SOURCE RECORDS below:

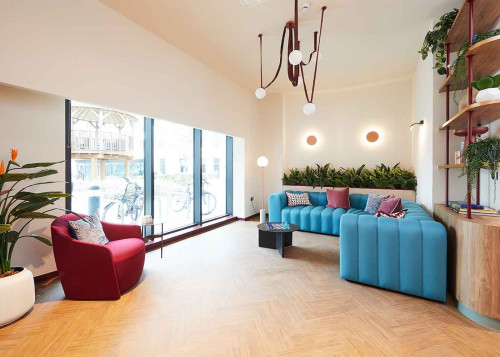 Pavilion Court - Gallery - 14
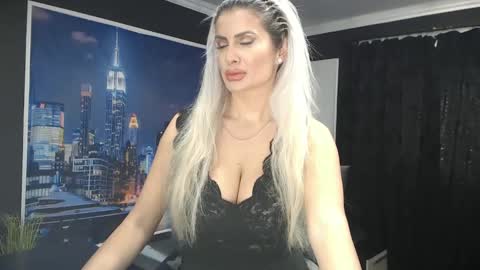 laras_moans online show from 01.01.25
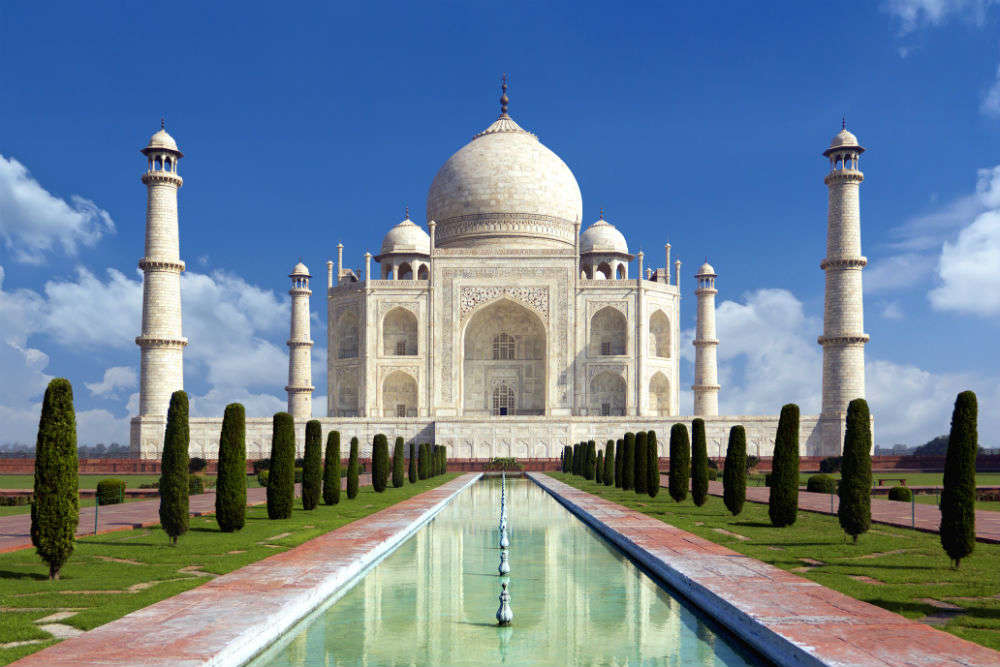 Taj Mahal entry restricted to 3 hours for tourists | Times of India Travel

End of SOURCE RECORDS.
SOURCE RECORDS below:

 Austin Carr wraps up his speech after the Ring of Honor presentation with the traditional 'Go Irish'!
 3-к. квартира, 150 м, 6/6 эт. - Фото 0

End of SOURCE RECORDS.
SOURCE RECORDS below:

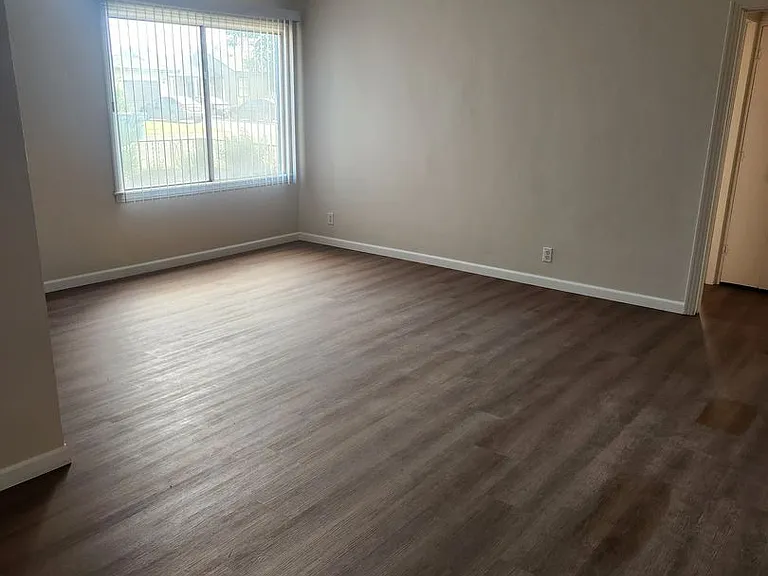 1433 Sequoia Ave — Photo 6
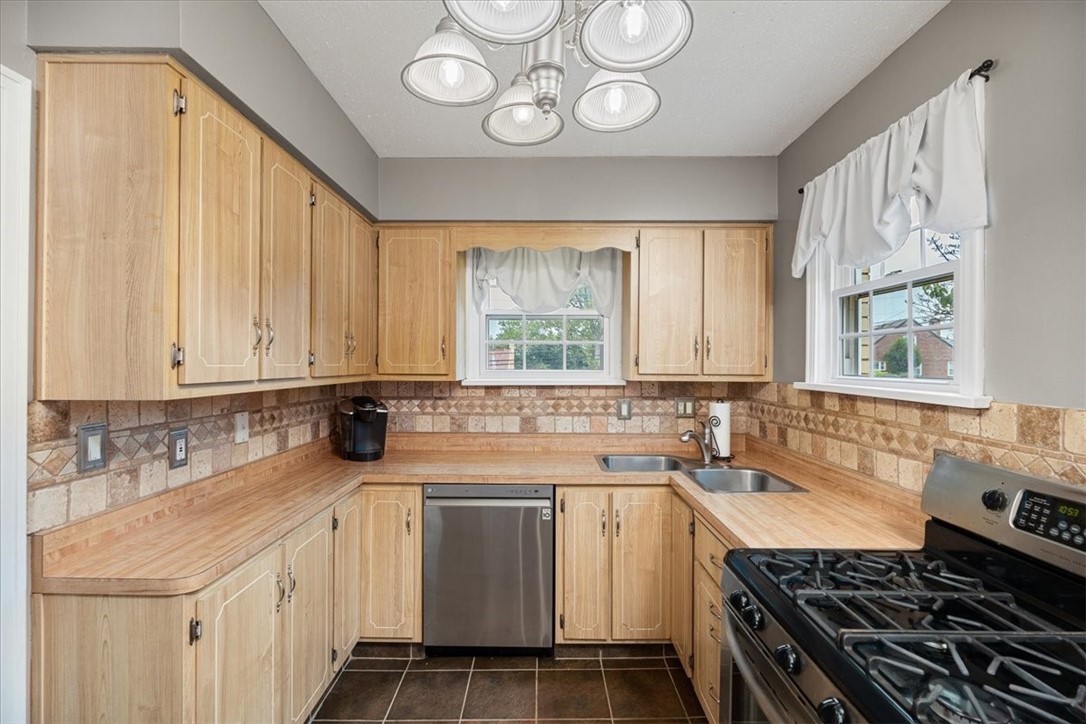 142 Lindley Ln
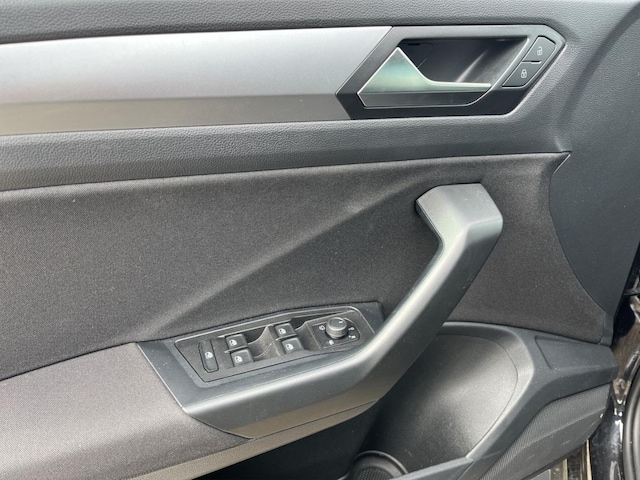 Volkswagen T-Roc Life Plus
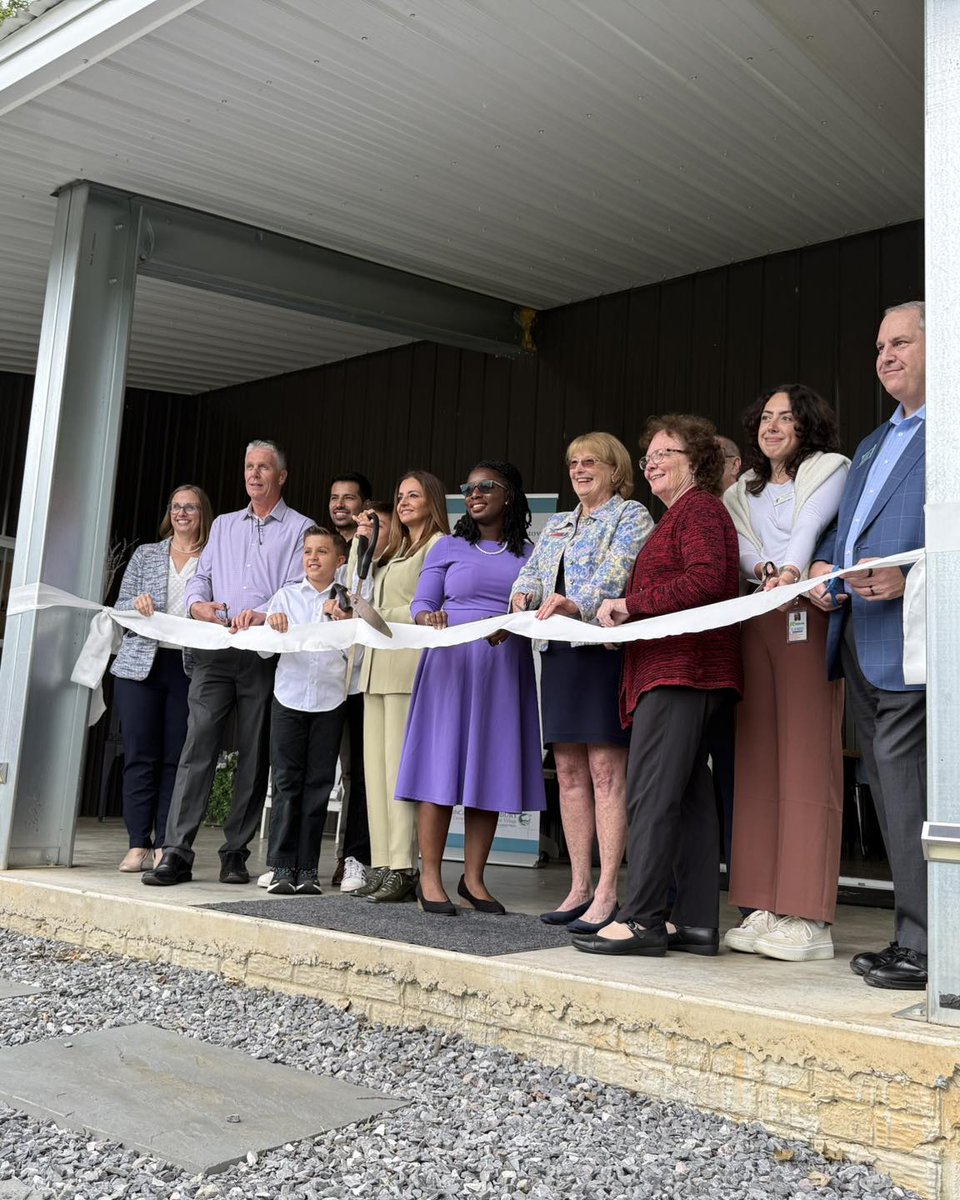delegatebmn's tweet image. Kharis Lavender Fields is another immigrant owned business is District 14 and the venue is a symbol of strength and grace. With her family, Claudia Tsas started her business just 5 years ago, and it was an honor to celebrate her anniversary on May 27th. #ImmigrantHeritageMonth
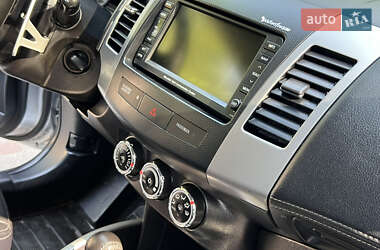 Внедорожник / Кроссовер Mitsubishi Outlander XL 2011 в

End of SOURCE RECORDS.

# [EXERCISE INSTRUCTIONS]
Your answer should consist solely of the lines above from the line with "Austin Carr wraps" to the line with "3-к. квартира, 150 м, 6/6 эт. - Фото 0", both included, reproduced exactly.

# [ANSWER BOX]
 Austin Carr wraps up his speech after the Ring of Honor presentation with the traditional 'Go Irish'!
 3-к. квартира, 150 м, 6/6 эт. - Фото 0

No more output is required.